A fisiocracia acredita que a economia, como o universo de Newton, é regida por leis
naturais, absolutas, imutáveis e universais estabelecidas por um ente divino para a
felicidade do homem. Caberia ao homem, por meio da razão, descobrir esta ordem e
trabalhar no sentido de respeitar as leis que regulam a ordem natural. Sendo assim,
os fenômenos econômicos deveriam fluir livremente, seguindo estas leis naturais.
Portanto, os fisiocratas consideravam desnecessária e até mesmo prejudicial
qualquer intervenção do Estado nas relações econômicas, pois criaria obstáculos à
ordem natural, inibindo a circulação de pessoas e de bens. A função da autoridade
governamental era entender esta ordem natural e servir de intermediário para que as
leis da natureza pudessem ser respeitadas e cumpridas. O Estado não deve intervir
na economia mais do que o necessário para assegurar a vida, a propriedade e para
manter a liberdade.
Um dos grandes pensadores desta corrente de pensamento, François Quesnay
(1694-1774), defendeu alguns princípios que serviriam mais tarde de base para a
construção da análise econômica posterior. A principal obra deste autor é O quadro
econômico. Quesnay elaborou o princípio utilitarista de busca da obtenção de
máxima satisfação com um mínimo de esforço, que seria desenvolvido amplamente
pelos economistas da escola marginalista no século XIX. Ele é precursor também da
idéia de que a busca do interesse individual numa economia competitiva originaria
uma compatibilidade de interesses pessoais, levando a sociedade à harmonia e ao
bem-estar coletivo. Além disso, Quesnay evidencia a interdependência entre as
atividades econômicas, desenvolvendo pela primeira vez uma análise dos fluxos de
rendas e de bens de uma nação, e suas variações.
Os fisiocratas não acreditavam que a riqueza de um país dependia de seus
estoques de metais preciosos, como defendiam os mercantilistas.
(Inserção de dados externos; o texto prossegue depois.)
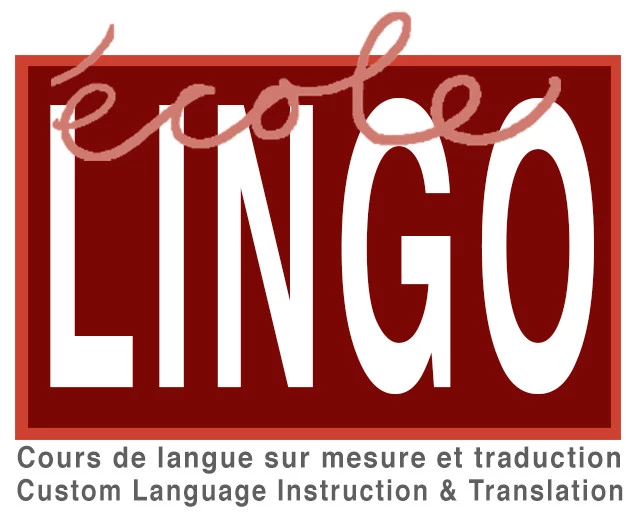 École Lingo Canada Language School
Para a fisiocracia,
a riqueza de uma nação dependia de sua capacidade de produção, mais
especificamente no setor agrícola.
A agricultura era a única atividade realmente produtiva, pois somente a atividade
agrícola é capaz de gerar excedentes; portanto era a única atividade que gerava
valor – só a terra tinha capacidade de multiplicar a riqueza. Os demais setores da
economia, como a indústria e o comércio eram apenas desdobramentos da
agricultura, pois apenas transformam e transportam bens. Dependiam, assim, dos
excedentes gerados na agricultura. Portanto, era primordial para os fisiocratas o
incentivo à agricultura para elevar o produto social.
Os fisiocratas propunham, além da redução da intervenção estatal na economia, a
eliminação das barreiras ao comércio interno e internacional, tão características do
mercantilismo, uma política de promoção das exportações. Também sugeriam
políticas de combate aos oligopólios (mercado controlado por poucos vendedores) e
o fim das restrições às importações.
-------------------------------------------------------------------------------------[1] Existem controvérsias entre os autores da História do Pensamento Econômico
sobre quem utilizou pela primeira vez o termo “economia”. Para alguns, este termo
foi utilizado pela primeira vez por Xenofontes, se referindo aos princípios de gestão
dos bens privados. Para outros, Aristóteles teria cunhado o termo oidosnomos em
seus estudos sobre aspectos da administração privada e sobre finanças públicas.